Судили, конечно, не за принадлежность и не за публикации в газетах, а за «использование вооружённых методов в борьбе против советской власти». И всё-таки этот процесс, широко освещавшийся в советской прессе, бросал тень на весь эсеровский круг. В этом контексте резюме юрконсульта звучало уже несколько иначе.
Умный и прозорливый Шершеневич, трезво осознавая ситуацию, в июньском номере журнала «Театральная Москва» со ссылкой на Есенина и Кусикова пытается вразумить большевистскую власть обширной и важной статьёй «Не слова, а факты».
Он пишет: «Заграничные газеты принесли нам известия о грандиозном скандале, который разыгрался в берлинском „Доме искусств“ при благосклонном участии Сергея Есенина и Александра Кусикова, двух имажинистов, представителей „отрыжки буржуазной культуры“, как их окрестили в Москве те идеологи, которые почему-то имели смелость называться „пролетарскими критиками“».
Далее Шершеневич вкратце излагает историю с пением «Интернационала» и резонно итожит: «Те самые имажинисты, которые поливались грязью в России всеми критиками, начиная от т. Меньшого и кончая Луначарским, уклонившимся от литературного третейского турнира с имажинистами, клеймились как „выродки буржуазии“, эти самые поэты выступают в Берлине с подлинным пением революции».
«Изо всех русских поэтов, попавших за границу, — утверждает Шершеневич, — заговорили фактами только имажинисты, те самые имажинисты, книги которых запрещались Госиздатом, книги которых конфисковывались. Есть два рода созидателей ценностей сегодня: одни примирились с новыми условиями жизни и приемлют их постольку, поскольку это „приемление“ освобождает от неудобств; другие, протестуя против остатков старого в новом, сами излучают это новое и находят революцию в культуре, закрепляя ею революцию бытовую».
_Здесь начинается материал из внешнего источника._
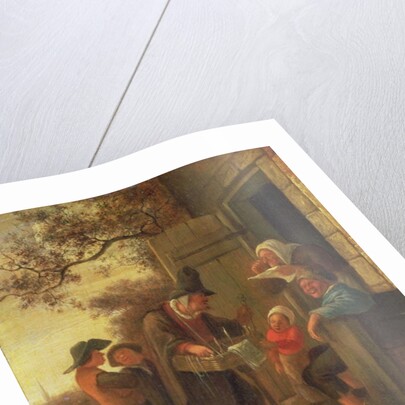 A Pedlar selling Spectacles outside a Cottage, c.1650-53 by Jan Havicksz. Steen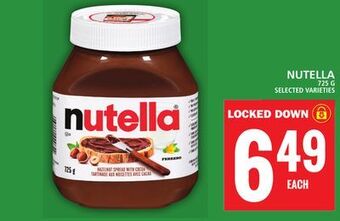 Food Basics Nutella offer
«Излучающими» Шершеневич, естественно, считает группу имажинистов, недвусмысленно говоря: оставьте нас, наконец, в покое — левее нас тут вообще никого нет.
И как быть Есенину во всей этой круговерти, что думать?
В России — суды и унижают его товарищей в прессе; но в те же дни пражский еженедельник «Воля России» в свежем июньском номере пророчествует: «Есенин, ушедший к лаковому сапогу комиссара, проиграет», а парижская газета «Последние новости» издевается, говоря, что он, Есенин — «…примитивный человек», находящийся «вне морали и её законов».
Чем родные чекистские надсмотрщики, испугавшиеся аббревиатуры «МЧК» и пары матерных слов, отличаются от хамящих белогвардейцев?
Да ничем.
И первые, и вторые — те ещё ценители литературы.
Но всё-таки, всё-таки, мрачная Москва, Россия — хотя бы родина.
А тут — чужбина.
Есенин осознаёт это всё увереннее и злее.
Он здесь уже не один день, а почти два месяца: погулял, поездил, посмотрел.
Пишет Шнейдеру:
«Германия? Об этом поговорим после, когда увидимся, но жизнь не здесь, а у нас. Здесь действительно медленный грустный закат, о котором говорит Шпенглер. Пусть мы азиаты, пусть дурно пахнем, чешем, не стесняясь, у всех на виду седалищные щёки, но мы не воняем так трупно, как воняют внутри они. Никакой революции здесь быть не может. Всё зашло в тупик. Спасёт и перестроит их только нашествие таких варваров, как мы.